That's me and Kris rockin' the white shirts, and another mil-blogging pal!
Hello!! I’m Kris from The New “Normal.” Thank you, Rheanna, for allowing me to guest blog today about our crazy military life! We are an Army National Guard family living in the lovely Midwest. My husband and I have been married 11 years and we have been an Army family for just about 5 years now. It’s definitely been 5 years full of ups and downs with the military, but it is a part of our life that I wouldn’t change for anything and despite all of the obstacles, it has been one of the best decisions that we made as a family.
When I met my husband, he had mentioned the fact that joining the military was something that he has always dreamed of doing. Having no one in my family or circle of friends with any military experience, I thought he was crazy. Why would anyone want to do that? That was back in 1997. Fast forward to September 11, 2001. We had been married a couple of months and after that tragic day, talks of my husband’s wish to join the military resumed. Sadly, as a selfish new wife, I did not want to think of my husband in that role and put him off a little longer, saying I wanted kids first. 6 years and 2 kids later, my husband finally told me, “If I never join the Army, it will be something that I regret for the rest of my life.” I knew then how much it meant to him and I fully supported his decision, so at 27 he headed off as the “old man” (as the drill sergeants called him!) to Basic Training for the Army National Guard. They say hindsight is twenty-twenty, and in this case I couldn’t more agree because knowing what I know now, I wish I had been more supportive of my husband’s military dreams when we first met. When it comes to the Army, he excels and it is his passion. And in turn, it is something that I love for our family as well.

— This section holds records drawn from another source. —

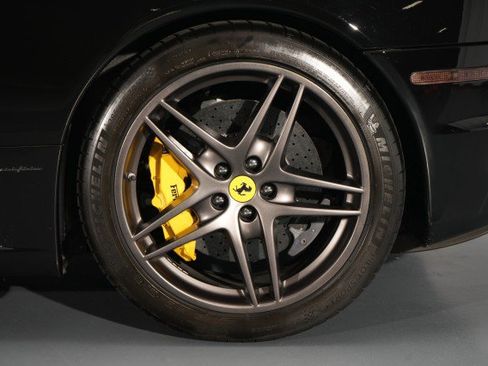 Used 2009 Ferrari F430 Coupe RWD image 25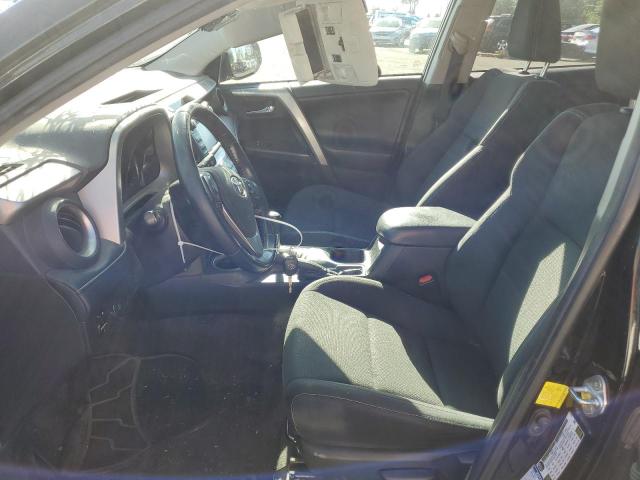 2018 TOYOTA RAV4 ADVEN - 2T3RFREVXJW793612
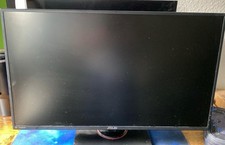 ASUS VG248QG Gaming-Monitor 24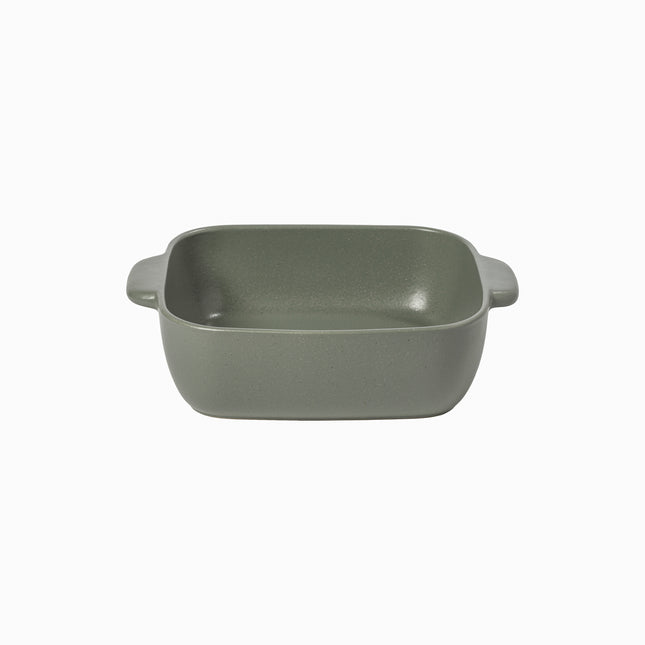 CASAFINA Pacifica Serving Pieces, Artichoke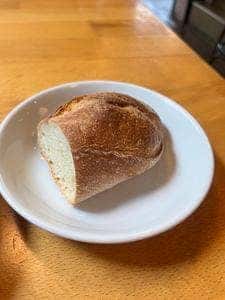 食彩堂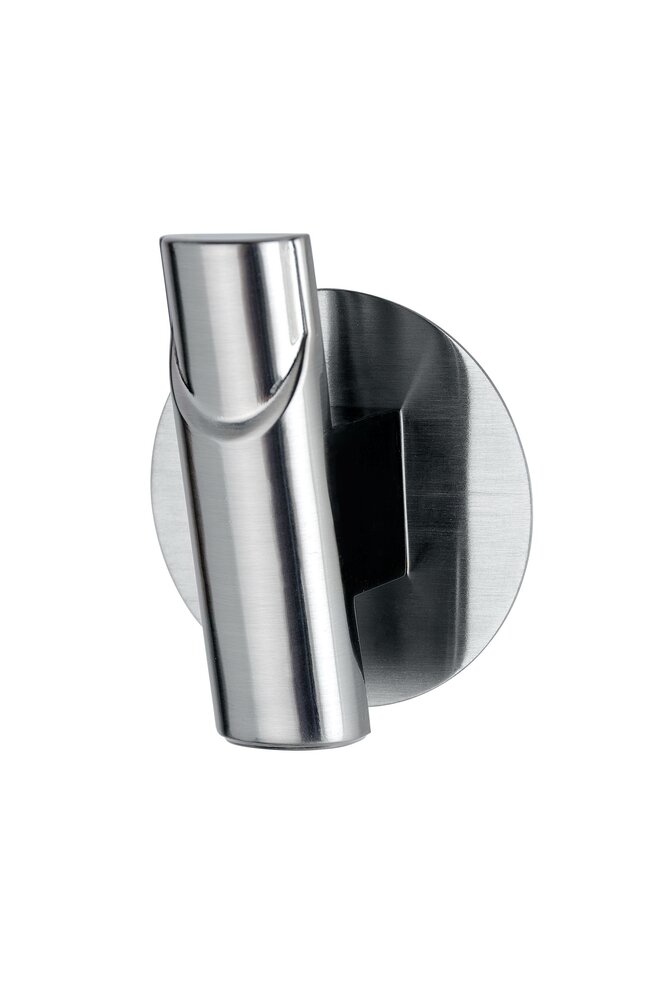 Wandhaken Mod. Solo Matt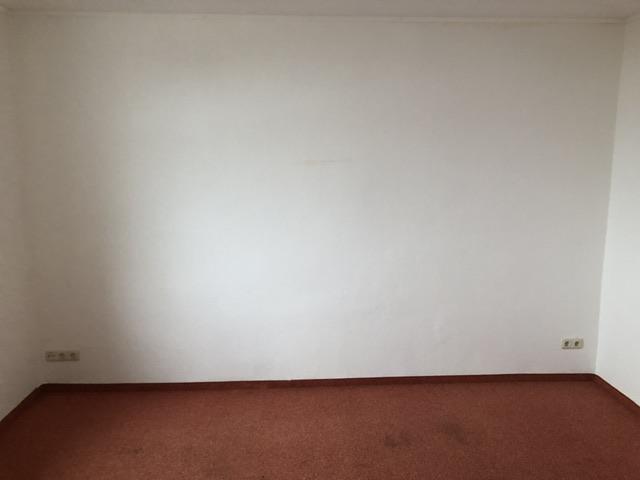 Etagenwohnung Lauter-Bernsbach Bernsbach - 7 Zimmer, 130 m&sup2;, 650&euro; | Angebot:26442330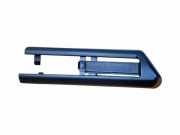 Details zur Sitzverkleidung BMW 5 Touring (F11) 530 d xDrive 52107340341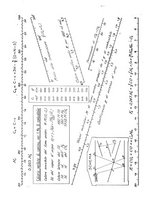 giornale/TO00180802/1932/unico/00000144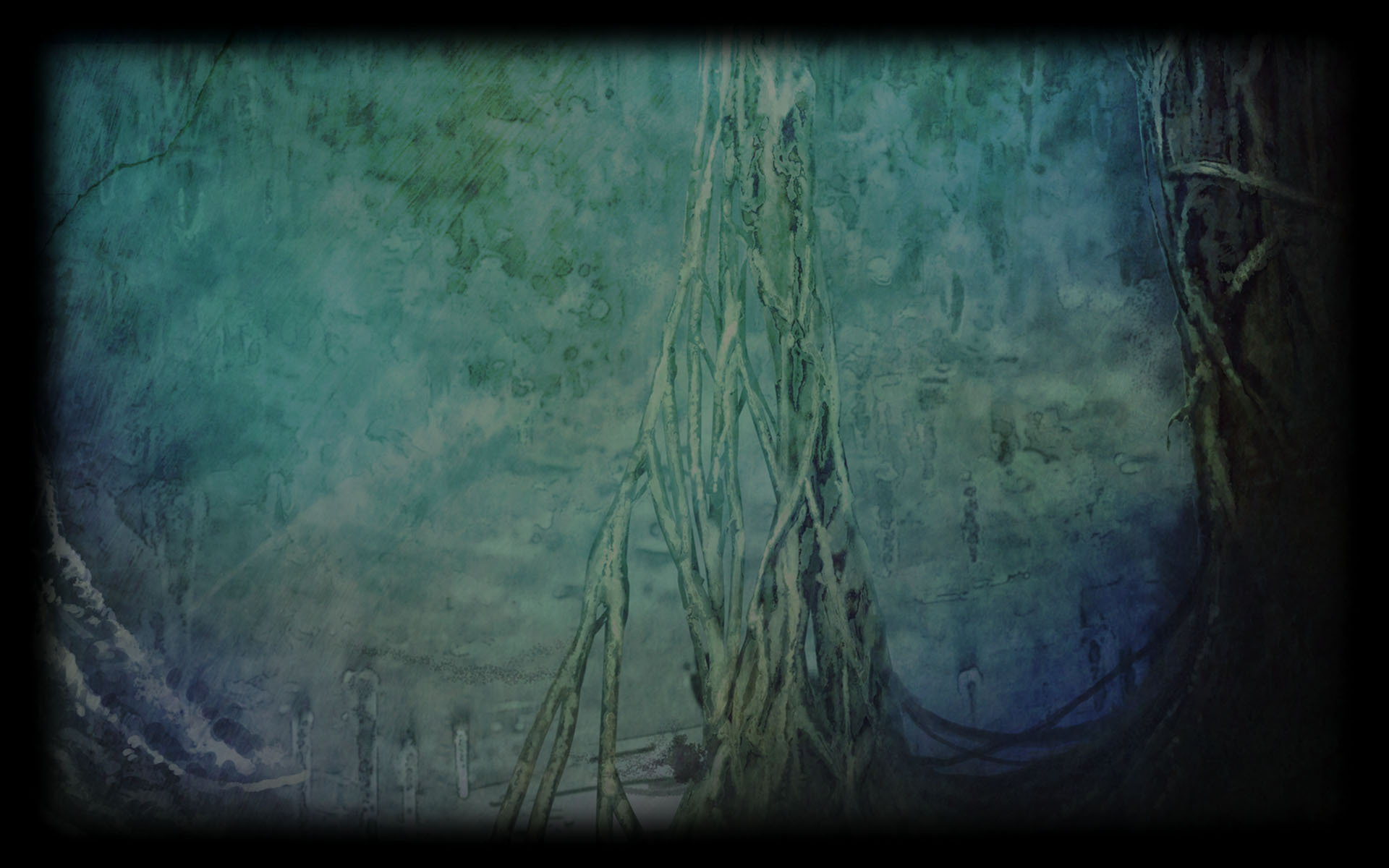 Sakura no Mori † Dreamers•Tree2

My husband decided to join the National Guard rather than Active Army because of family ties. He is an integral part of his family’s small business and did not feel like he could completely walk away from the civilian side. We had also established a home in our current city and he did not want to disrupt our family life. He saw joining the Guard as the best of both worlds; he could fulfill his duty with the military while remaining in the civilian world at the same time. This has been a decision that we waver on constantly and at many times wish that we had chosen to go Active Duty when he first joined. There are many benefits to being a Guard family – we do not have to move every few years, we choose where we want to live, my career can thrive – and I am grateful for those opportunities.

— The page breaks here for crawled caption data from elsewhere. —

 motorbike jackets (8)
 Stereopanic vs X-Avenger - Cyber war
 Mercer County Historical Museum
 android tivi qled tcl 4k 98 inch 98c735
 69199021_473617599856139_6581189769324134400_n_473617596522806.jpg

Life with the National Guard also brings about difficulties that at times are very frustrating. My husband’s current unit is located two hours from our home. Due to this, I do not participate as I would like to in the FRG and other unit events. I am one who loves to get involved and get to know people. Since many of the Soldiers in the unit are spread all over the state, the families rarely have the opportunity to get together, which made the deployment difficult for me. I wanted to reach out to the other wives. We all needed support but with there being such great distances between many of us (and a non-functioning FRG at the time) we found that extremely difficult. This made the time during our recent deployment very lonely and isolating at first. I felt like I was the only on going through this situation and that no one, try as they might, really understood what our family was going through. Thank heavens for all of the wonderful milspouse bloggers who became my support network during this time! Without this amazing community, I know I would not have survived our deployment as well as I did!

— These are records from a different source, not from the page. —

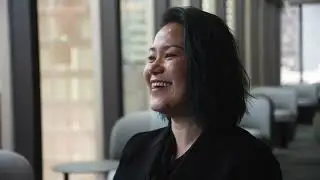 Client Story: ClearView Wealth Limited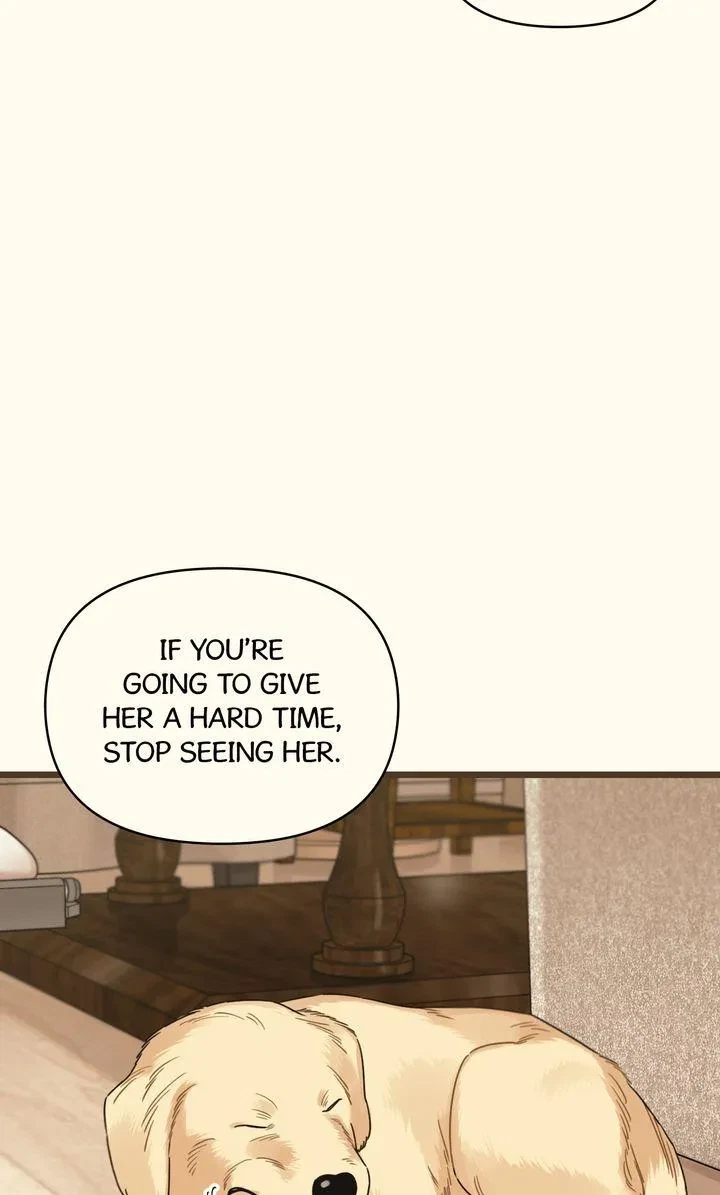 Chapter 56, page 36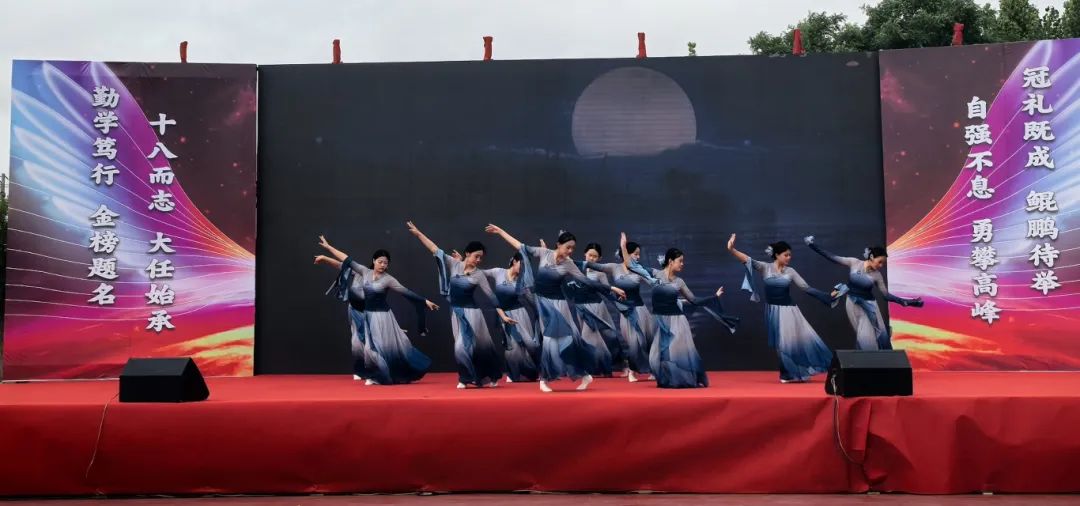 微信图片_20250617102909.jpg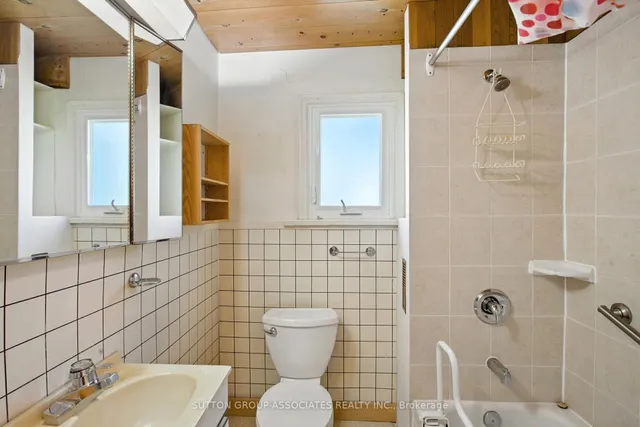 Additional image 29 of 250 Robert St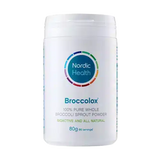 3095_Broccolox-powder_sq.webp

We find that being in the National Guard is a strange occurrence to many people around us on the civilian side. Many do not know just what they Guard is and we are asked lots of questions. We have found that most think that with the Guard, you do not deploy often, or at all, and that it really is just one weekend a month and two weeks a year. It always makes me laugh when people ask about that, as in the 5 years that my husband has been with the Guard he has been away for training for close to 3 years of that time! After the deployment, most people assumed that since he was not active Army that his returning home meant he has fulfilled his service obligation and now he was done. They were shocked when we would tell them that he wants to make it a career path and that he will definitely deploy again. At first I found the questions very frustrating, but then I began to realize that people asked their questions mostly out of genuine curiosity and that I was just like them once. Now I answer honestly and attempt to give them a better picture as to what the National Guard is and does.
Life with the Army National Guard brings its challenges, but “the grass is always greener on the other side” and I know that Active Duty Army has its many difficulties as well. Despite not being located near my husband’s unit, a base, or other military families, I do enjoy that we do not have to move every few years and our kids can remain in the school and house that they have always known. At times I do wish we could move around the country or overseas, but then again I have never had to deal with a PCS so I really have no idea how difficult that is! I love the fact that we are a military family but can still remain with our feet in the civilian world as well. I am proud of my husband and the choices that he has made to serve this country. It’s been a crazy 5 years, but years that I look back on with fond memories and cannot wait to see what the future years will bring!